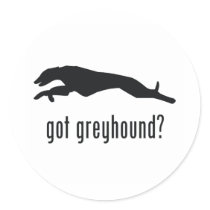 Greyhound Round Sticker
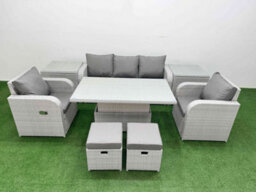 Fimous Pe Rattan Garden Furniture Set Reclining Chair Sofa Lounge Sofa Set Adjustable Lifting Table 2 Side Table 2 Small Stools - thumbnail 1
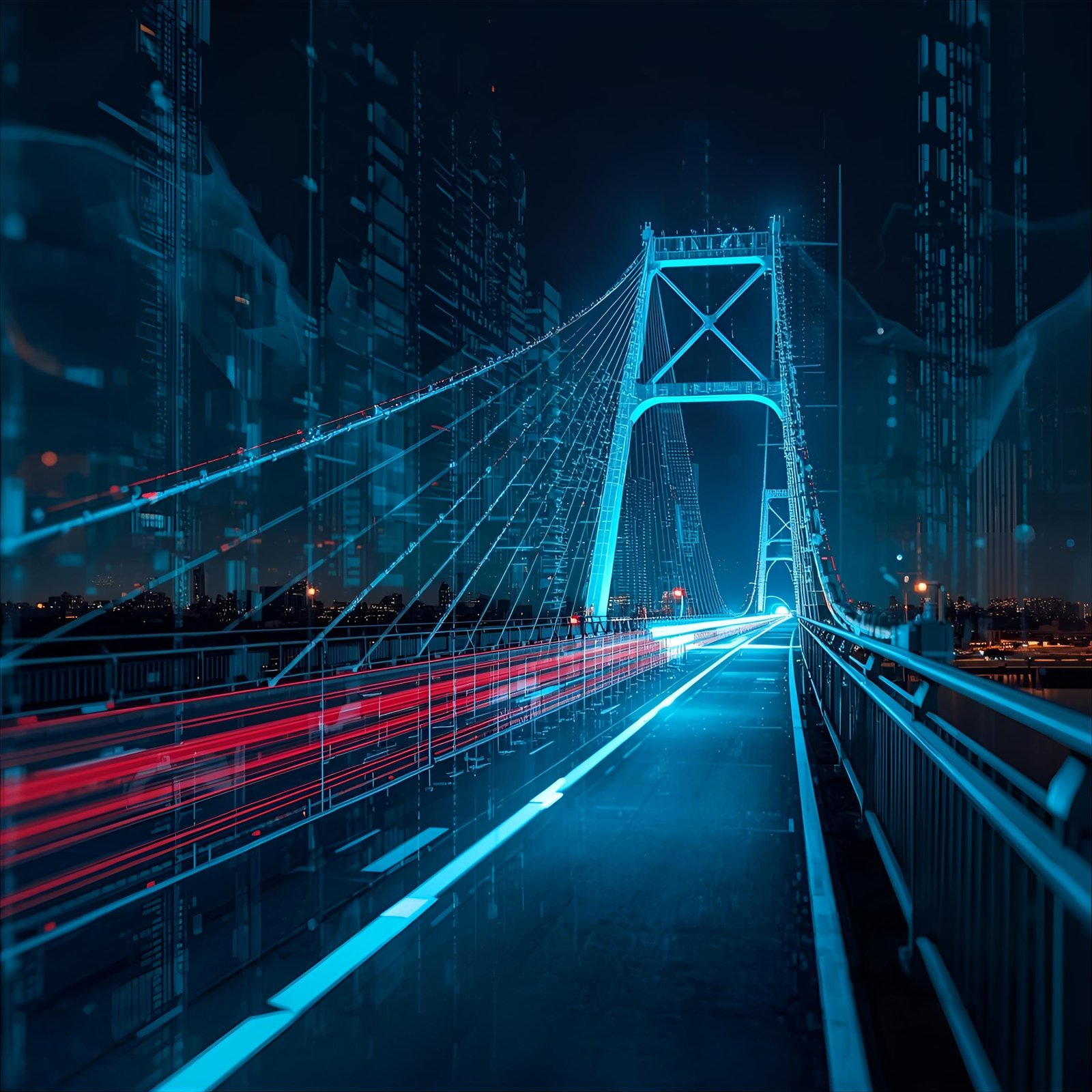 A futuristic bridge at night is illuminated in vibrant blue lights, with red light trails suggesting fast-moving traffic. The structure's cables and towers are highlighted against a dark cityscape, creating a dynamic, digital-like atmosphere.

* Task directions: An exact copy of all the data above is required; omit any pictures.

* Solution to the exercise:
 Greyhound Round Sticker
 Fimous Pe Rattan Garden Furniture Set Reclining Chair Sofa Lounge Sofa Set Adjustable Lifting Table 2 Side Table 2 Small Stools - thumbnail 1
 A futuristic bridge at night is illuminated in vibrant blue lights, with red light trails suggesting fast-moving traffic. The structure's cables and towers are highlighted against a dark cityscape, creating a dynamic, digital-like atmosphere.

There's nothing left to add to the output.